Dissertationsprojekt

Macht und Ohnmacht. Hohe Polizei und lokale Herrschaftspraxis im Königreich Westphalen (1807–1813)

Bald nach der Gründung des größten napoleonischen Modellstaats auf deutschem Boden wurde mit dem Aufbau einer geheimen politischen Polizei in dem heterogenen Staatsgebilde ein Machtapparat in Funktion gesetzt, der sich zu einer prägenden Instanz für alle Bevölkerungsschichten entwickelt zu haben scheint und dessen Bedeutung für die grundsätzliche Wahrnehmung und Bewertung des Königreichs bei den „Polizierten“ kaum überschätzt werden kann. Das angestrebte Projekt untersucht die Rolle der Hohen Polizei und ihrer lokalen Amtsträger als Instanz zwischen Bevölkerung und Obrigkeit, als Repräsentantin der („Fremd-“)Herrschaft, als Ausdruck von Macht und Ohnmacht des Staates.
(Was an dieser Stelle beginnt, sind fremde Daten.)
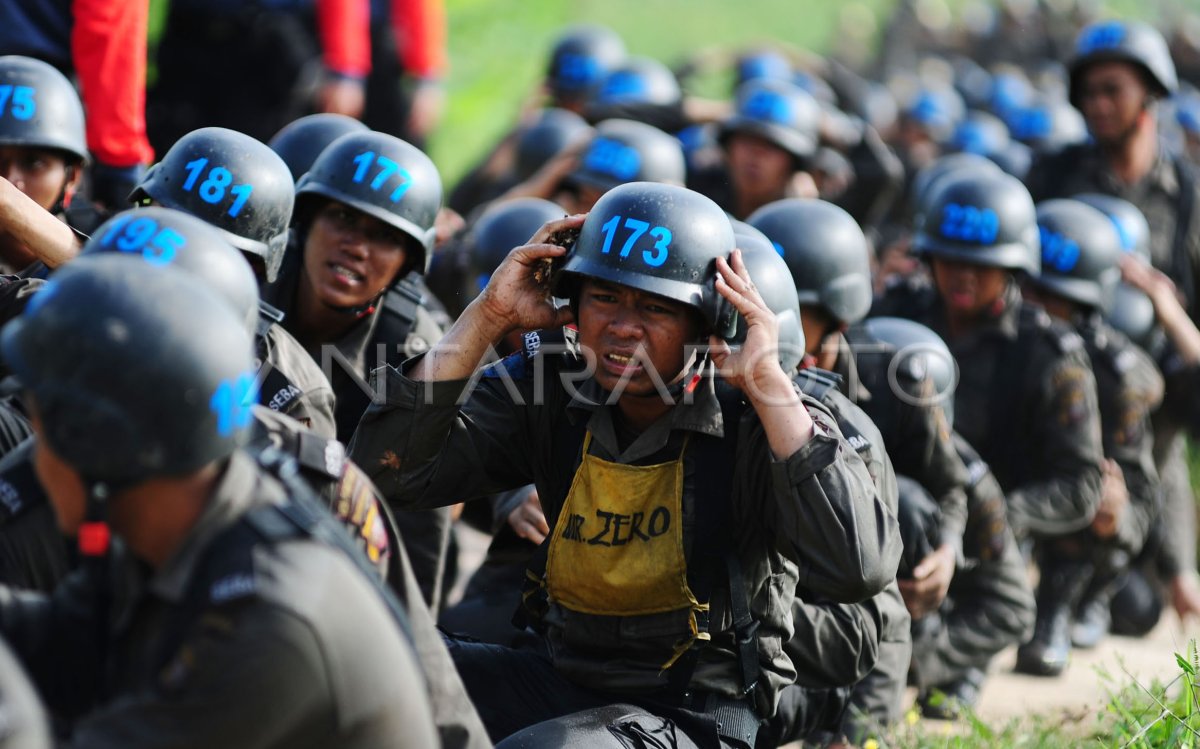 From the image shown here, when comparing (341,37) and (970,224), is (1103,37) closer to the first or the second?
(970,224)

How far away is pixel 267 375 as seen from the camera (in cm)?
491

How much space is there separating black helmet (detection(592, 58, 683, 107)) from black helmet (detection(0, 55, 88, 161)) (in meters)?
6.48

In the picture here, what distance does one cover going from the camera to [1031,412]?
7824mm

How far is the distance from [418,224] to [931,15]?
984 inches

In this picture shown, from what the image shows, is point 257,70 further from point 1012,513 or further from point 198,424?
point 198,424

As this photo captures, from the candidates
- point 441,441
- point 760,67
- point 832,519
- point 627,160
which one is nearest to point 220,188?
point 441,441

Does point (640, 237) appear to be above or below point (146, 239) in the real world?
below

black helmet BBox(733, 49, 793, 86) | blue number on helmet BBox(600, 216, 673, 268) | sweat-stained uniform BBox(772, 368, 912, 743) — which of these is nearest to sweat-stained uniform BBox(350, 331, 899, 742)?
sweat-stained uniform BBox(772, 368, 912, 743)

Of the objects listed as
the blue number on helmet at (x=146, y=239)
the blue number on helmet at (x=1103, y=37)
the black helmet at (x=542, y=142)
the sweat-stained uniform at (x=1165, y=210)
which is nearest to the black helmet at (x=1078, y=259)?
the sweat-stained uniform at (x=1165, y=210)

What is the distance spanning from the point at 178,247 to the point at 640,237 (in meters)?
1.38

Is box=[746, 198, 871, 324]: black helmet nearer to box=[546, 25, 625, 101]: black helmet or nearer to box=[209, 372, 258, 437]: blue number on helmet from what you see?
box=[209, 372, 258, 437]: blue number on helmet

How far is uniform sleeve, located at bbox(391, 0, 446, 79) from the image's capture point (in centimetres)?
1109

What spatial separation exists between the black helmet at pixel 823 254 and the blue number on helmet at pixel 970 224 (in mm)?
1345

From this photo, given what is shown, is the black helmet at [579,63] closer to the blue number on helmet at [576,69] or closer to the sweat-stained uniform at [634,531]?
the blue number on helmet at [576,69] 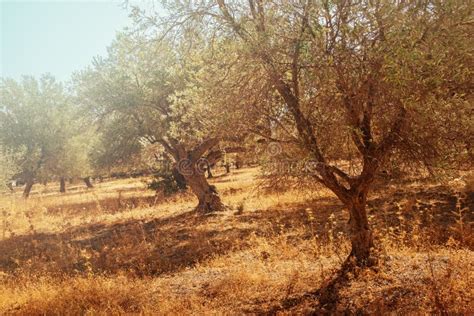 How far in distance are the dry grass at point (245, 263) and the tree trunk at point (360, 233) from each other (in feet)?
1.26

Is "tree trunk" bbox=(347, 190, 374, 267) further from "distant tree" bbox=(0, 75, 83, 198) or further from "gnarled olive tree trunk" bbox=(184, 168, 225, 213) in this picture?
"distant tree" bbox=(0, 75, 83, 198)

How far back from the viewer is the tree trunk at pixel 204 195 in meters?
17.0

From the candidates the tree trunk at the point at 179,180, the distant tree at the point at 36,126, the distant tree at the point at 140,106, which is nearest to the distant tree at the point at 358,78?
the distant tree at the point at 140,106

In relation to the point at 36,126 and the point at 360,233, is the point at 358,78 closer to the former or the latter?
the point at 360,233

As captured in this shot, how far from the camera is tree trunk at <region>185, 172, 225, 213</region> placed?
669 inches

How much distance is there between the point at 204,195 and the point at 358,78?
12.0 meters

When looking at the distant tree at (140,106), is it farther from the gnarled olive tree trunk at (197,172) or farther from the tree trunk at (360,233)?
the tree trunk at (360,233)

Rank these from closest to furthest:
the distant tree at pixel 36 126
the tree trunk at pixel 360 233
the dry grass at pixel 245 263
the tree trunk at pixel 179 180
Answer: the dry grass at pixel 245 263, the tree trunk at pixel 360 233, the tree trunk at pixel 179 180, the distant tree at pixel 36 126

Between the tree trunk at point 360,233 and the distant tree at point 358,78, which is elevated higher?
the distant tree at point 358,78

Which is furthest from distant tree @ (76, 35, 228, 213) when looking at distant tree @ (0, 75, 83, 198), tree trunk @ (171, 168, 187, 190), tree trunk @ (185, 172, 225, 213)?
distant tree @ (0, 75, 83, 198)

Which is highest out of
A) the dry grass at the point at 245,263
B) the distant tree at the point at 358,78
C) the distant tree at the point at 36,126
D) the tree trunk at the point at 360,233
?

Dabei wird nicht nur die Forschungsfrage nach der Spannung von Polizei- und Modellstaat aus neuer Perspektive beleuchtet, sondern ebenso die Herrschaftsstrukturen und Herrschaftspraktiken des fremdbestimmten, aber größtenteils selbstverwalteten Staates mit ihren Ausformungen von Zwang und Verlockung, Toleranz, Misstrauen und Missachtung, Macht und Ohnmacht. Insbesondere im lokalen Kontext, in face-to-face-Konstellationen, stießen Amtsträger und Untertanen im Alltag zusammen, hier wurde Herrschaft „ausgehandelt“, hier entschied sich, wie das aus Frankreich importierte Modell adaptiert und akzeptiert wurde. Die Tatsache, dass auf lokaler Ebene keine französischen Funktionäre, sondern örtlich verankerte Personen eingesetzt wurden, begründet die Brisanz im Aufeinandertreffen von Spitzeln und Beobachteten. Hier ging es nicht nur um die Durchsetzung von Vorschriften, sondern um Netzwerke und Beziehungen, um die auch emotionale Aufladung von machtpolitischen Realitäten. Bei der Deutung des Verhältnisses zwischen den Vertretern der Staatsmacht und der Bevölkerung wird daher dezidiert die Wirkmächtigkeit von Gefühlen einbezogen.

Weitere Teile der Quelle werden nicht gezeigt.